Hardware decoding fails when switching video output devices

brabebhin commented 3 years ago

Hello @lukasf,

I recently encountered "a big one". My laptop has both a dedicated and an integrated GPU (like most mid to high end laptops). It also has a HDMI port, which is linked directly to the dedicated GPU. Like most laptops, the display is linked to the integrated GPU.

I connected the HDMI port to an external display, and I noticed playback doesn't work correctly when moving the sample apps between the displays which are connected to 2 different GPUs. Playback works correctly when the sample app goes back to its original display, and a seek operation is performed.

To make things even worse, it matters which option for GPU is chosen for in Windows Display settings. If it is "let windows decide", it is not guaranteed this will work properly. If the option of GPU matches that of the display, it will work on the respective display.

TL;DR

I think we need to handle the case in which the application starts playback on one display connected to one GPU, then it is moved to another GPU. This might be more common than originally anticipated.

This seems to be labeled as "device lost" scenario

https://docs.microsoft.com/en-us/windows/uwp/gaming/handling-device-lost-scenarios

brabebhin commented 3 years ago

Interestingly enough, there is nothing in our code that shows any sorts of errors. Querying ID3D11Device::GetDeviceRemovedReason returns S_OK, which essentially can mean anything, from all is fine to everything went to hell but recovered somehow. It might be a limitation of winRT or ffmpeg or both.

lukasf commented 3 years ago

Maybe we need to get the device from our MSS on each SampleRequested, and check if it is still the same device we used for decoding (each device has some UID afaik). If it is a different device, we could try to copy the frame from decoder GPU to new target GPU. Or we copy to CPU memory, like we do with effects. At least, I'd assume that actual decoding will still work, even if the app moved to a different screen. That would explain why there is no error in our code. I hope that it is only the rendering that fails, because we try to display a texture that was created on a different GPU.

I currently don't have the hardware to test this scenario.

brabebhin commented 3 years ago

Yes it looks like just rendering fails. I will give your idea a try in the coming days.

brabebhin commented 3 years ago

You are 110% right. When moving to different screen, the device ID is different between the one initiated by the Starting event and the one from sample requested event!

Now I need to properly handle this scenario.

brabebhin commented 3 years ago

It seems copying from GPU to other GPU is not that straightforward. Probably will need to default to CPU copy like we do for effects.

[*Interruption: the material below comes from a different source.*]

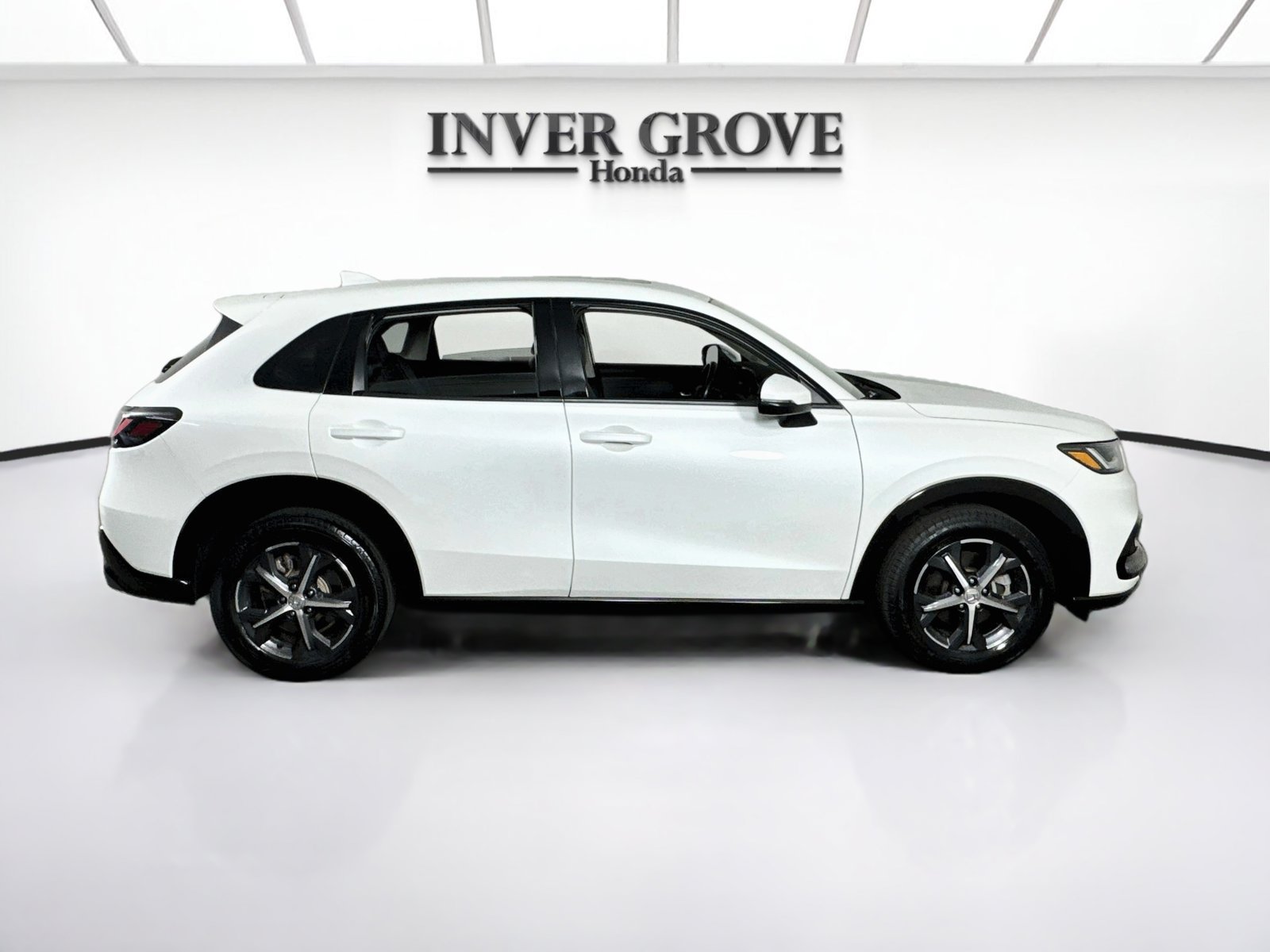 Used 2023 Honda HR-V EX-L image 4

brabebhin commented 3 years ago

I have pushed the code to the ffmpeg video filters branch, since it had quite a lot of code that I needed to make this work. However, the performance is still pretty low on HEVC 4K files. But I just don't see any other way to do this, since copying from GPU to GPU simply doesn't work (and in my particular case it would involve copying from System memory (iGPU) to System memory (CPU) to nVidia memory (dGPU) anyway.

I wonder if we could recreate the decoder pipeline gracefully instead, when we detect the change in GPU devices.

lukasf commented 3 years ago

Can you test how other players behave in this scenario (when HW acceleration is used)? Will they continue playback smoothly or will there be some gap/break or other irregular behavior?

Theoretically, we could re-initialize the pipeline. It's not even difficult I think. But the problem is that decoding will only really work starting with the next key frame. So it could take some time until clean frames are produced (not sure if we get black frames, garbage frames, or no frames at all until next key frame). We could also delay re-initialization until the next keyframe packet comes (and maybe use CPU copy until that point). However, it could be difficult to find the right place to re-initialize with the current internal structure. Last option would be performing a backward seek to the file position of the last key frame. Maybe this is the best option. It would get us uninterrupted video, but there would be a slight delay, because MF would decode and skip frames from the previous keyframe position to actual playback position.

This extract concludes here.